Confidence high, debt higher: Is a crash coming?
I have a 2010 Honda Odyssey. I bought it with 40,000 miles on it, and now it’s up to about 130,000.
Two years ago, when my 2003 Ford Explorer finally gave out, I picked up a 2004 Acura from a friend of mine for $5K. Had 60,000 miles on, now about 80,000 or so.
Both cars are paid up, and my plan is to keep them both for as long as they last.
Could I afford a new car today? Yeah. Could I afford two new cars? It would sting, but yeah. I could swing it. Am I even contemplating it? No, no, no, a thousand times no. And no again, for good measure.

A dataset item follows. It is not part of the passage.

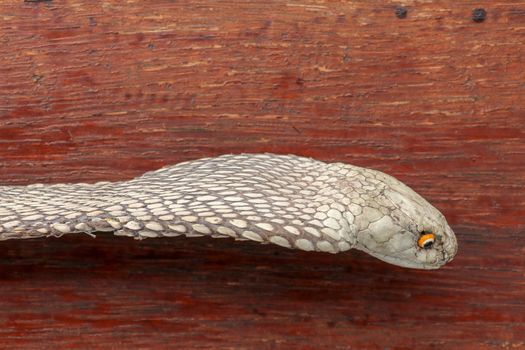 Tanned skin of Ophiophagus hannah. Close up of belt of the most venomous snake on Bali island in Indonesia. Product from leather workshop. King cobra also known as hamadryad, species of venomous snake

Why? Because ever since the crash of 2008, I’ve become frugal, prudent, careful. I’m not a total drip — after all, I just spent a week at Disney World, not exactly a cheap vacation — but I make sure I don’t spend money I don’t have.
In short: if I can’t afford it, I don’t buy it. And if I can afford it, I make sure I need it or, at minimum, want it really, really, really, bad.

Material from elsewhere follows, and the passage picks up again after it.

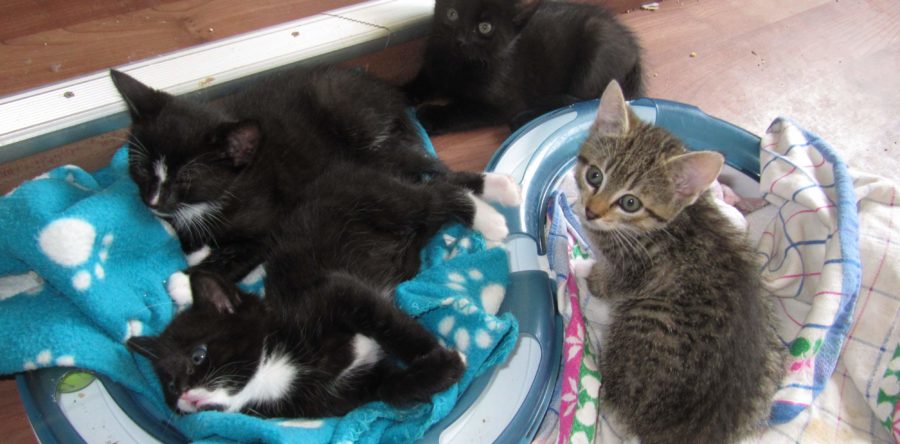Peppermint Patty, Harry, Purzel und Merlin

I was shaken by The Great Recession, which began 10 years ago this month. My wife was pregnant with our first kid, we just sold our stake in a restaurant, my second job had evaporated, and I was constantly trading my $15,000+ credit card debt around from one zeropercent card to the next.
All of a sudden, banks were failing, two of my income streams evaporated, a new baby was born, and credit card companies stopped with the zero-percent deals.
We hunkered down. A few years passed, and that credit card debt disappeared due to vigilance on our part. I vowed to never put myself in that position again.
And I haven’t.
But uh … the lesson was not heeded by everyone. Check out these two related stories: Consumer confidence is at an 18-year high, and American household debt is at an all-time high.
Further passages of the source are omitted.